# Going rim-less!!!



## sarcastickitten (May 26, 2012)

Decided that because I am already taking my tank completely apart and replacing more glass than I thought I would have too, I might as well remove the rim too... I have been seeing a lot of pictures on here of beautiful rim-less tanks and.... I love it!!!! I am re 'making' an 80 gal tank and it has one center brace that is 1 cm think... Obviously I will be putting the center brace back as the tank glass is only 5mm thick...

My questions are:
1) will the one center brace be enough?
2) does the brace get glued back on the inside of the glass (where it was originally) or on top?
3) how cool would a waterfall look? 

The last question mainly because my filter output it has a high flow rate and I could probably incorporate it into some sort of waterfall..


----------



## Foxtail (Mar 14, 2012)

Sounds sweet, I don't know about that thin glass on an 80 gallon. I would probably brace the corners aswell. I have never redone a tank before so I wouldnt really know... A waterfall sounds cool, you should build a rock wall up the wall above the tank 

Sent from my SGH-T959D using Tapatalk 2


----------



## trout (Mar 21, 2012)

i gotta say, i wouldn't de rim an 80 with 5mm glass....with or with out the center brace added back in. totally not trying to be negative towards the whole idea, so take it with a grain of salt, but a tank that large (full of water) with thin glass could cause more upset than it would be worth. for reference my small 13g rimless (not DIY) is 5mm glass and it gets thicker as you step up in tank size.

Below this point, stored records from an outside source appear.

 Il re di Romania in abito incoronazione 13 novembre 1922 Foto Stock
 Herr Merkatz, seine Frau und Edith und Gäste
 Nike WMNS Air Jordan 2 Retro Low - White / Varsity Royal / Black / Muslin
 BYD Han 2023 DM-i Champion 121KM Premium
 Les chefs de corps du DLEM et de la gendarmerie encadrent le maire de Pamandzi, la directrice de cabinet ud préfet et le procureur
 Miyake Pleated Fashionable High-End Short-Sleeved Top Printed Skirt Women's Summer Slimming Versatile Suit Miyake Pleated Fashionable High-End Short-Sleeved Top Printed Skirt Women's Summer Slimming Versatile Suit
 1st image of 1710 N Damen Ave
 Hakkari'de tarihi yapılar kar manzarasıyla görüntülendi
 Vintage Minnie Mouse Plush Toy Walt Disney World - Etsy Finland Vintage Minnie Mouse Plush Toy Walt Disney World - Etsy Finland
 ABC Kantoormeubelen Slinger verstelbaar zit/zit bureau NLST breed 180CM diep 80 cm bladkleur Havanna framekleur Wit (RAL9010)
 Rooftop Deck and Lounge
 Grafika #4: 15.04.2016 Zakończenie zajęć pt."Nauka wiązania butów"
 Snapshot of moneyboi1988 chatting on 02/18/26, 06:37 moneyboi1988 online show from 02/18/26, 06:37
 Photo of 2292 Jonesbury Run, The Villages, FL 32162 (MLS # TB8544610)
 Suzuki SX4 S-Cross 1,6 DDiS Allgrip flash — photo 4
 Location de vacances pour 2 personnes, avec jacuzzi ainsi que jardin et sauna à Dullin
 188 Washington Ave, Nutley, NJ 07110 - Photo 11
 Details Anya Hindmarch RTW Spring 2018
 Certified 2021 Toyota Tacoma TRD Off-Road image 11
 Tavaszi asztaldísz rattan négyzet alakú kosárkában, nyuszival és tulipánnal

however the water fall idea sounds awesome!


----------



## sarcastickitten (May 26, 2012)

well, I have finished taking the tank apart and to my dismay 2 sides have massive chips in them, so I will be bumping up the thickness of the glass... what thickness would be ideal for a rim-less 80 gal? and I will have a DIY rock structure going up the one side and part of the back for the waterfall...
the back glass is already going to be 10mm thick, so just wondering if that is a good all round thickness for an 80 gal rim-less?

thank you!


----------



## spit.fire (Jan 3, 2011)

At least 10mm
I would personally go euro brace but that's just me

Also I'd suggest using ge scs 1200 as it is fish safe and stronger than most silicones, oceanic corals in aldergrove carries it in black and clear


----------



## sarcastickitten (May 26, 2012)

Is a Euro brace hard to find? like a special order kind of thing?


----------



## gklaw (May 31, 2010)

IMHO by the time you custom cut 10mm glass with proper polished edge good enough for rim-less and spent all the time and effort and take the risk - you may consider looking for a new and used one. A 75/80g Hagen will be good enough to remove the rim. I have done that with my 105g.

I picked up a 65g Hagen true rimless here for $100. That will replace by Hagen 75/89g that could be turned less-rim. Should be for sale may be in a month or so. It is being used for SW so does have a few minor scratch from the rocks. Let me know if you want first dib


----------



## SeaHorse_Fanatic (Apr 22, 2010)

5mm is not strong enough for rimless at 80g as others have already warned.


----------



## tony1928 (Apr 22, 2010)

From my own readings, it looks like most people build rimless tanks of this size with 3/4" glass. You could probably get away with slightly thinner but then you should be eurobracing.


----------



## The Guy (Nov 26, 2010)

5mm rimless!!! 80 gallons of water on your floor is not a pretty site, I won't do it, the tank gklaw is talking about would be a better option.


----------



## Smallermouse (Jan 28, 2012)

pictures!!!!


----------